**ABOUT THIS EXERCISE**: Once the line with "PDT Friday 6/22" is found, write it out along with every line after it, exactly, up to the last line of the entries below. Exclude pictures.

**GIVEN INFORMATION**:
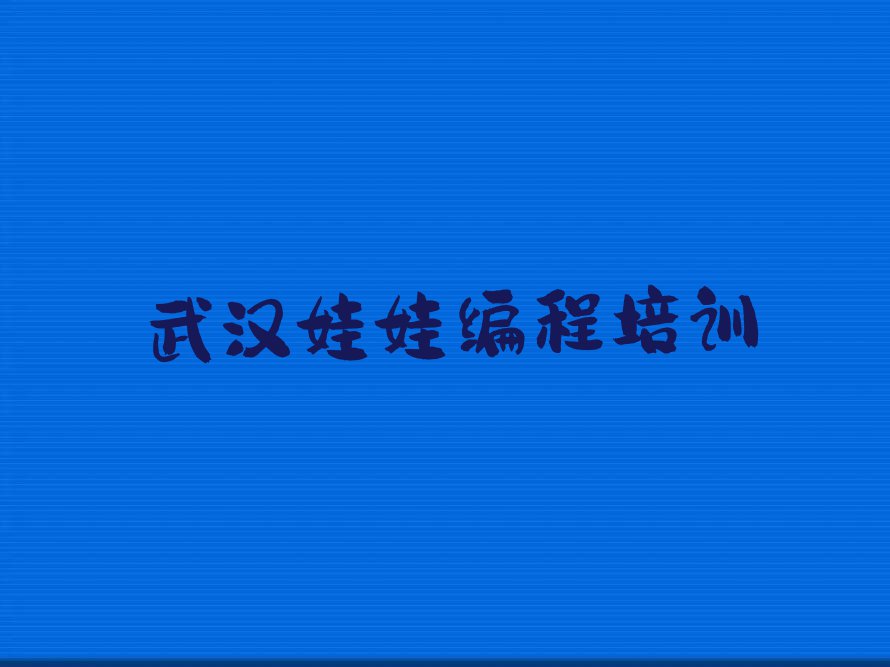 2023年武汉学娃娃编程去什么学校排行榜名单总览公布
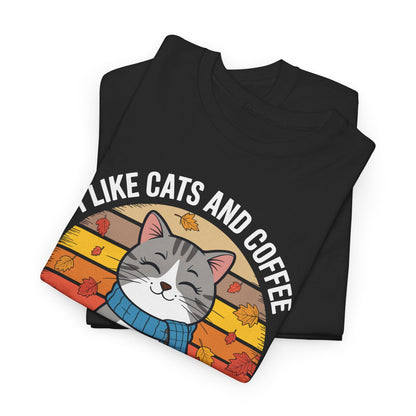 I Like Cats And Coffee And Maybe 3 People , Cats Lover T-Shirt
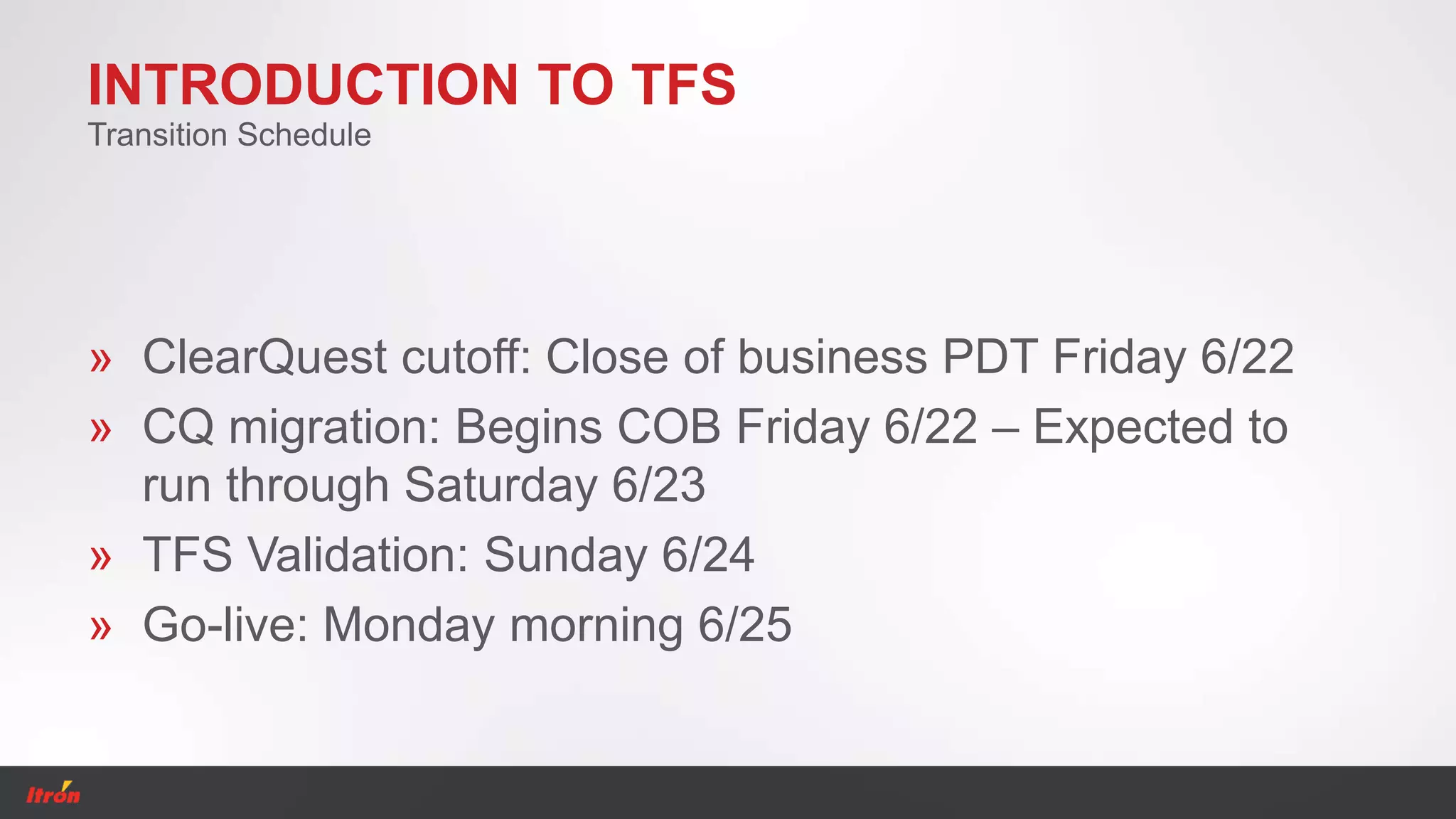 INTRODUCTION TO TFS
» ClearQuest cutoff: Close of business PDT Friday 6/22
» CQ migration: Begins COB Friday 6/22 – Expected to
run through Saturday 6/23
» TFS Validation: Sunday 6/24
» Go-live: Monday morning 6/25
Transition Schedule
 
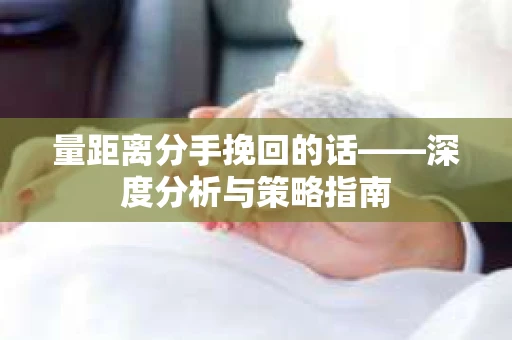 量距离分手挽回的话——深度分析与策略指南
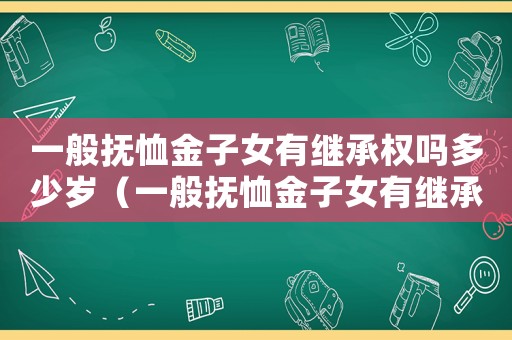 一般撫恤金子女有繼承權(quán)嗎多少歲（一般撫恤金子女有繼承權(quán)嗎）
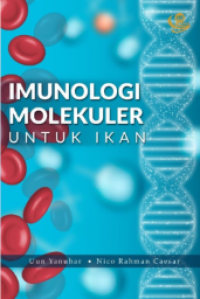 Imunologi molekuler : untuk ikan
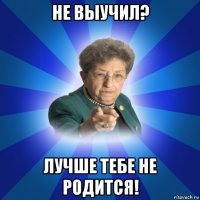 не выучил? лучше тебе не родится!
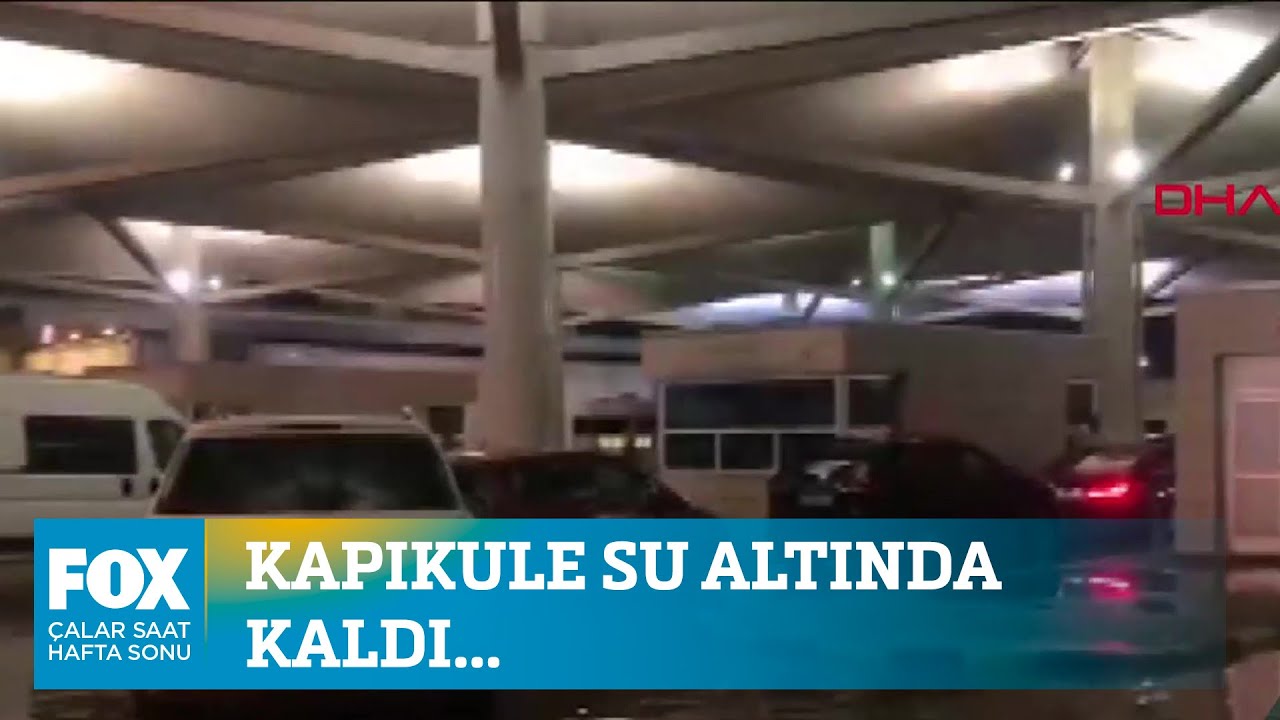 Kapıkule su altında kaldı... 3 Eylül 2022 Çalar Saat Hafta Sonu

**ANSWER TO THIS EXERCISE**:
» ClearQuest cutoff: Close of business PDT Friday 6/22
» CQ migration: Begins COB Friday 6/22 – Expected to
run through Saturday 6/23
» TFS Validation: Sunday 6/24
» Go-live: Monday morning 6/25
Transition Schedule
 
 量距离分手挽回的话——深度分析与策略指南
 一般撫恤金子女有繼承權(quán)嗎多少歲（一般撫恤金子女有繼承權(quán)嗎）
 Imunologi molekuler : untuk ikan
 не выучил? лучше тебе не родится!
 Kapıkule su altında kaldı... 3 Eylül 2022 Çalar Saat Hafta Sonu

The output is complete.